Hokousaï (Goncourt)/Chapitre 10

Charpentier (p. 40-42).
◄  IX
XI  ►

X

Si vraiment il a été versé 300 rios d’or à Hokousaï, par le capitaine hollandais, Isbert Hemmel, pour les quatre makimonos sur la vie japonaise, je crois bien que c’est la seule fois, où sa peinture a été richement payée, car ses dessins pour l’illustration des livres — le revenu le plus clair de l’artiste — sont misérablement rétribués par les éditeurs, et au moment, où l’artiste jouit de toute sa célébrité. Je donnerai, comme preuve, ce fragment d’une lettre, adressée en 1836, d’Ouraga, à l’éditeur Kobayashi.

. . . . . . . . . . . . . . . . . . . . . . . . .

Je vous envoie trois feuilles et demie des Poésies de l’époque des Thang. Sur 42 mommés (le mommé vaut 10 sous), que j’ai à toucher, retranchez un mommé et demi que je vous dois ; et veuillez remettre le reste, 40 mommés et demi au porteur de la lettre.

D’après cette lettre : ça mettrait le payement des dessins d’Hokousaï, de six à huit francs.

Et il se conserverait au Japon, des billets, où Hokousaï empruntait de misérables sommes pour le payement des choses de la vie journalière, près des fruitiers, des marchands de poissons, et c’est ainsi que j’entendais conter à M. Bing, que parmi les documents qu’il avait réunis sur Hokousaï, il existait la demande par le peintre à un éditeur, d’un emprunt d’un riô (25 francs), le priant de lui payer ces 25 francs, dans la plus petite monnaie possible, afin de solder ses infimes dettes criardes, près des fournisseurs de son quartier.

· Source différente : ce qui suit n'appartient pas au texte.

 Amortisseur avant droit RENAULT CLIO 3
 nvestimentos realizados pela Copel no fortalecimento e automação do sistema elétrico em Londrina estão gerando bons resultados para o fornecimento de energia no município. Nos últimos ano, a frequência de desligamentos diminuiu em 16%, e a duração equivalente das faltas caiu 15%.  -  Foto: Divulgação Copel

Oui, ainsi que le témoigne une autre lettre, où Hokousaï se plaint de n’avoir qu’une robe, pour défendre son vieux corps de 76 ans, contre le froid d’un hiver rigoureux, l’artiste a vécu, toute sa vie, dans une misère noire, par suite des bas prix payés au Japon par les éditeurs aux artistes, et l’effet d’une indépendance d’esprit qui lui faisait accepter seulement le travail qui lui plaisait, et aussi à l’occasion des dettes qu’il eut à payer pour son fils Tominosouké et son petit-fils, né de sa fille Omiyo, — du reste tirant une espèce de vanité de cette pauvreté.